Ibunya Riana menghela napas panjang sambil memutar bola matanya sejenak. "Iya itu benar."

"Ba… bagaimana bisa? Mama sudah cek ke dokter?" tanya Sarman terbata-bata. Meski ia sudah tahu kenyataanya, tapi rasanya kejadian ini masih belum bisa dipercaya sepenuhnya oleh Sarman.

"Sudah, Sarman. Bahkan sudah tiga kali dengan dokter yang berbeda-beda. Mama juga sudah menyuruh adikmu untuk memakai alat tes kehamilan, dan hasilnya dia hamil! Ini benar-benar diluar dugaan Mama." Beliau menghempaskan tubuhnya ke punggung kursi sambil dengan mulut yang masih mencibir.

"Tika sudah besar. Seharusnya dia tahu batasan yang boleh dia lakukan atau tidak. Kamu sebagai Abangnya seharusnya juga bisa menjaga adikmu, kalau terjadi hal seperti ini kita semua kena imbasnya! Kalau para tetangga tahu, mau ditaruh mana muka Mama? Benar-benar memalukan!"

Kedua tangan Sarman meremas pinggiran kursi yang ia duduki. Sejujurnya, ia agak kesal dengan cibiran yang dilontarkan Ibunya Riana. Akan tetapi, Sarman tidak bisa berbuat apa-apa selain mendengarkan ceramah dari mertuanya. "Maafkan Sarman, Ma."
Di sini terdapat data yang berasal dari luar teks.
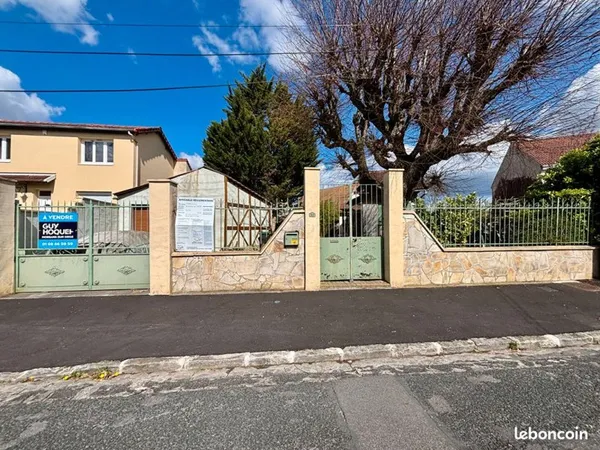 Terrain 331 m² MORSANG SUR ORGE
"Yah, semua ini sudah terlanjur. Mau bagaimana lagi? Istri kamu yang sudah tujuh tahun menikah saja belum dikaruniai anak. Sedangkan adikmu yang masih belasan tahun, sudah hamil mendahului istrimu. Dunia ini sangat lucu."
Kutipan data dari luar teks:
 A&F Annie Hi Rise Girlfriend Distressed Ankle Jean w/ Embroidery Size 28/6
"Tapi, apakah Mama tahu siapa yang telah membuat Tika hamil? Apa sebelumnya ada sesuatu yang terjadi pada Tika?"

"Tidak tahu. Mama terus berulangkali menanyakan hal itu, namun Tika tetap tidak mau menjawab. Apa sih yang ada dipikirannya? Sampai-sampai dia terus saja menyembunyikan si pelaku. Dia telah mencontreng nama baik keluarga ini! Pokoknya Mama tidak ingin Tika kembali lagi ke sini. Mama tidak mau kalau ada orang tinggal di sini setelah melakukan hal menjijikkan seperti itu!!"

Sarman berdiri dari kursi sofa yang ia duduki, emosinya kini berada di ubun-ubun dan bisa saja meledak saat ini juga kalau dia tidak segera pergi dari rumah Ibunya Riana. "Sarman pamit pulang," ujarnya dengan nada datar.

"Sekarang? Sudah malam begini, kenapa tidak besok saja?"

"Tidak, Ma. Sarman sudah terlanjur bilang kepada Riana, kalau saya akan pulang hari ini juga."

"Oh, baiklah kalau itu mau kamu."

Sarman bersalaman kepada Ibunya Riana sambil tetap tersenyum meski hatinya tengah jengkel dengan semua perkataan beliau mengenai adiknya. Beliau sama saja telah menghina Sarman dan menganggap kalau mereka hanyalah sampah yang harus disingkirkan.

"Assalamualaikum," ucap Sarman sesaat sebelum ia meninggalkan rumah ini.